First, the convention of citing another article. If you follow the rules strictly, you should only cite someone when you are referring to their empirical findings, or to the conclusions they draw from that. Nothing else. Nothing. But, unfortunately, most scientific articles do not follow these rules, but liberally make citations like “X used a similar research design (X, 2006)”. Wrong! While X may very well have done so, you’re not supposed to cite that. You only cite empirical results and conclusions thereof. But this is what happens. Because citation practice has degenerated across all fields, it is quite difficult to see the quality of a citation – is the claim (that is backed by a citation) based on empirical evidence or is it just some fluff? It has become too easy to build “castles in the sky” – researchers citing each other and building up a common understanding, but with no empirical evidence in what everyone is citing to. This is what has happened to the Waterfall model – researchers in the whole field have cited to Royce (1970) because that’s what everyone else has done. And the citation isn’t valid – there’s no empirical evidence to back the claim that a linear process works, and actually there’s not even a fluffy “i think so” claim to that effect, but rather Royce considers the idea unworkable. This hasn’t stopped hundreds of researchers from citing Royce. I consider this an excellent example of the failure of the scientific method. Of course the method in theory is still solid, but the degenerate practices have made it prone to failure.

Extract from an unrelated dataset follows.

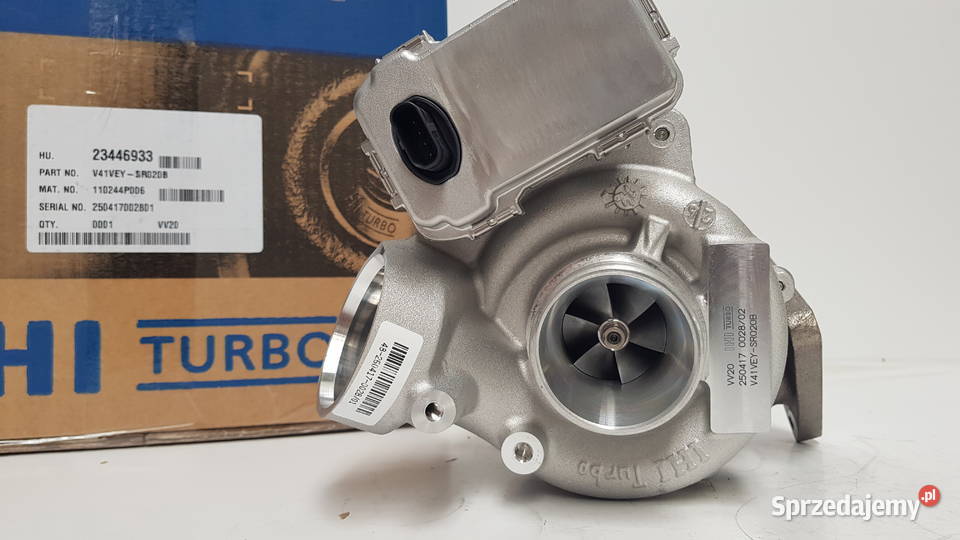 Turbosprężarka IHI VV20 osobowe Siedlce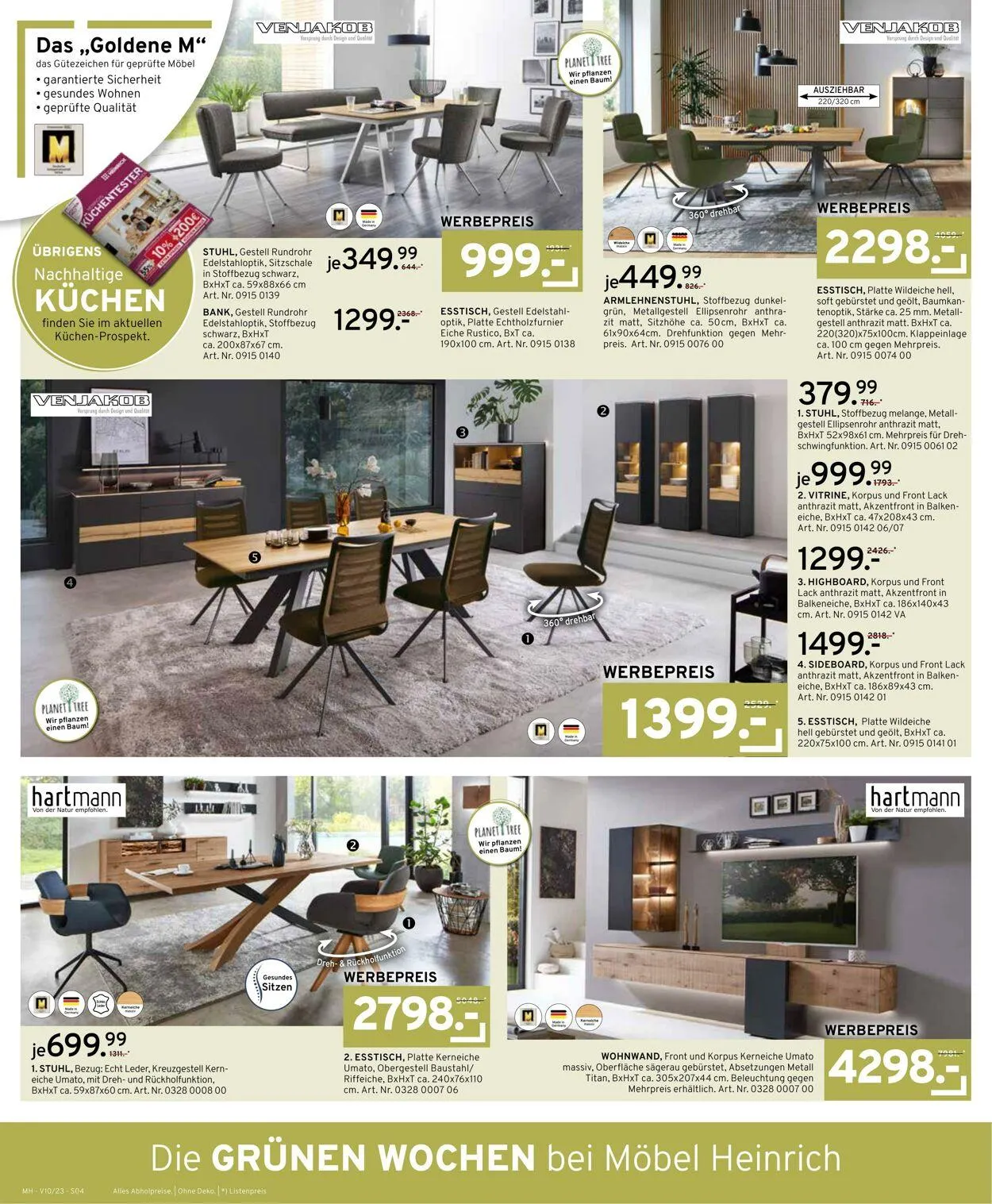 Möbel Heinrich von 31. August bis 27. September 2029 - Prospekt seite 4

In my field of educational technology I see this only too often. Cloud castles being built as researchers cite each other in a merry-go-round, with no-one realizing that whoever started the idea did not in fact have empirical evidence for it, but just a fluffy idea. And shooting down these established cloud castles is not easy, because the whole scientific publishing industry is also skewed:
- You usually can’t get an article published unless to cite the editors and reviewers of the journal, and support their findings. Therefore contraversial results are hard to publish in the journal where they would be most useful.
- Researchers often do not publish zero-findings. That is, when they try to find a certain pattern, and they fail, then they just scrap the whole thing and move on. But the scientific method actually needs also these zero-findings, because there are many fluffy theories that may occasionally get statistically significant empirical evidence (because with a 95% margin of confidence there’s 5% of studies that will find a connection even if there is none), but cannot be easily proved wrong. Therefore the numerous studies that fail to find a connection would show that the theory isn’t very strong. But these almost never get published.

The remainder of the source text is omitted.